- SUPPLIED INFORMATION -
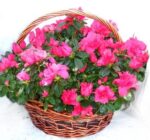cesta azaleas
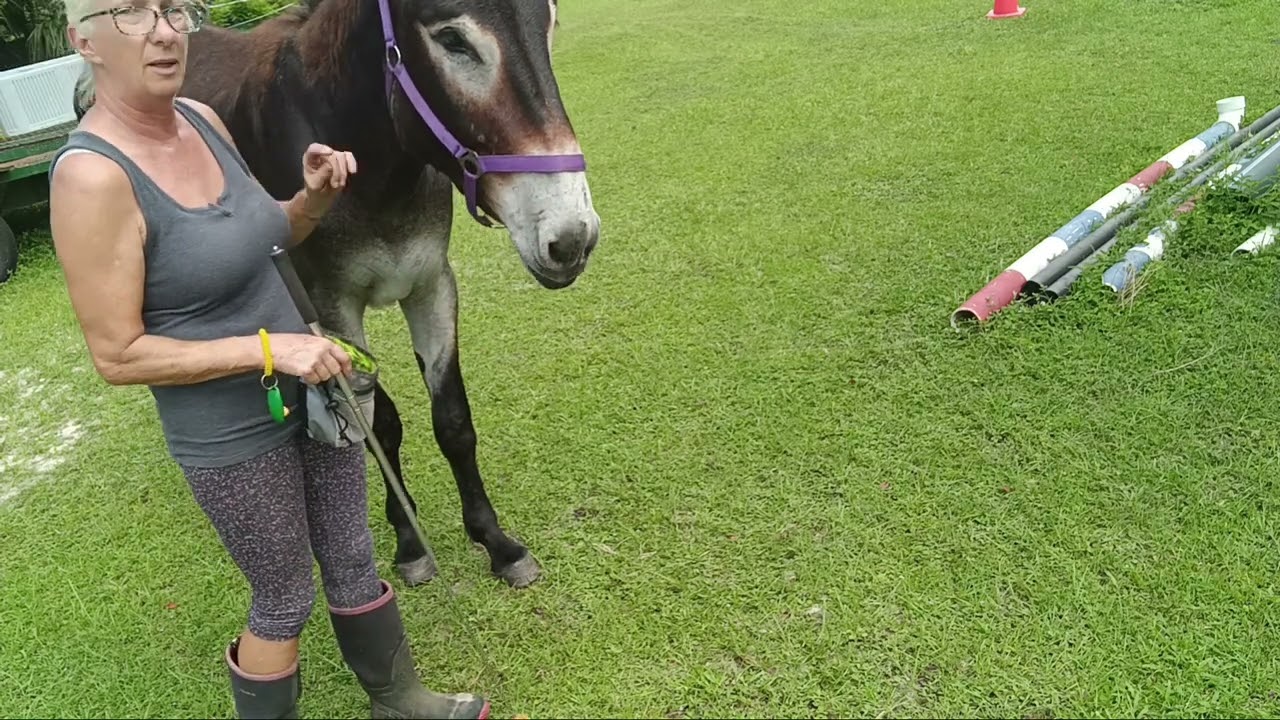 Teaching the Spanish walk  to your donkey / horse/equine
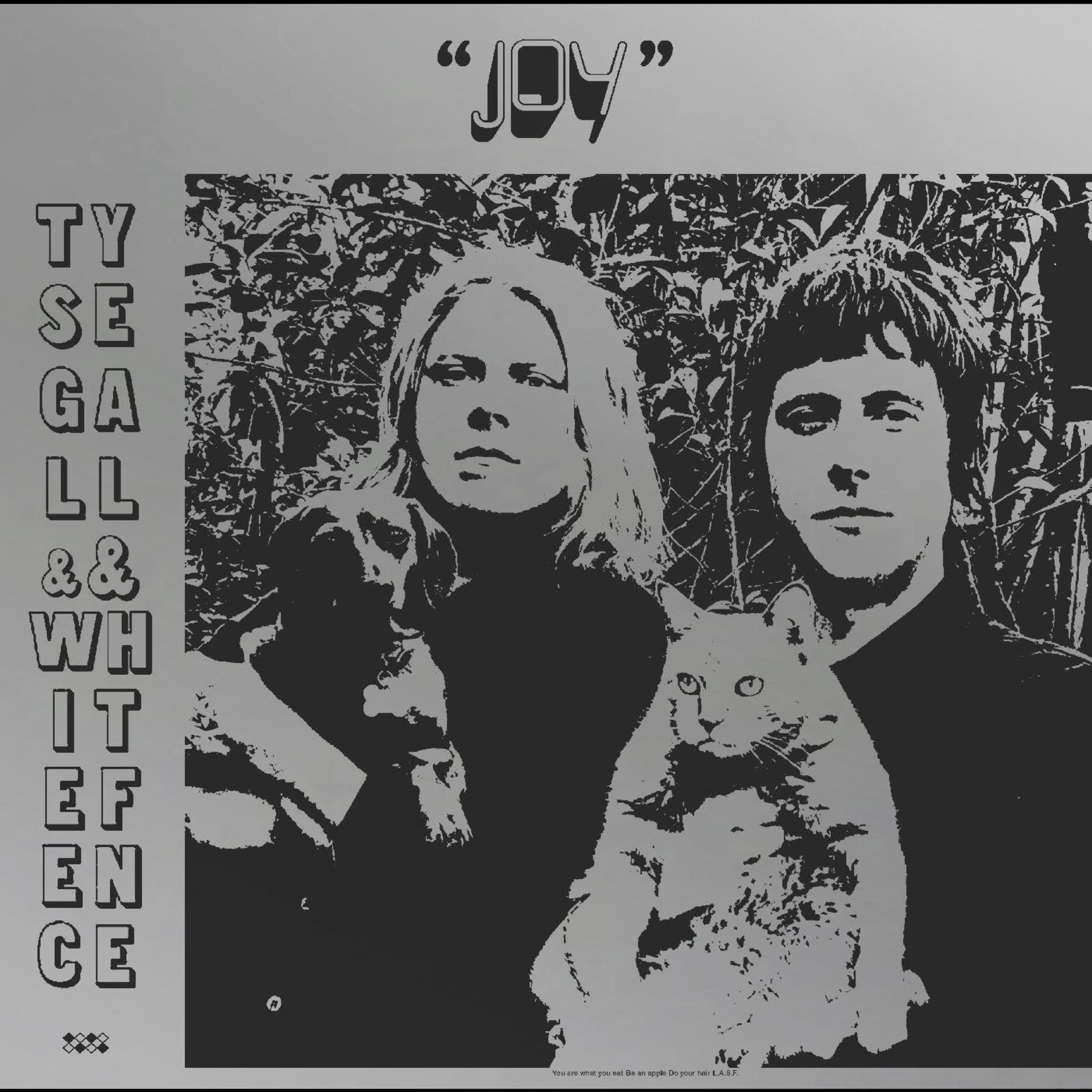 Drag City Ty Segall & White Fence - Joy (LP)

- DESCRIPTION OF THE TASK -
The answer must be the data above, repeated exactly, with no pictures.

- RESULT FOR THIS EXERCISE -
cesta azaleas
 Teaching the Spanish walk  to your donkey / horse/equine
 Drag City Ty Segall & White Fence - Joy (LP)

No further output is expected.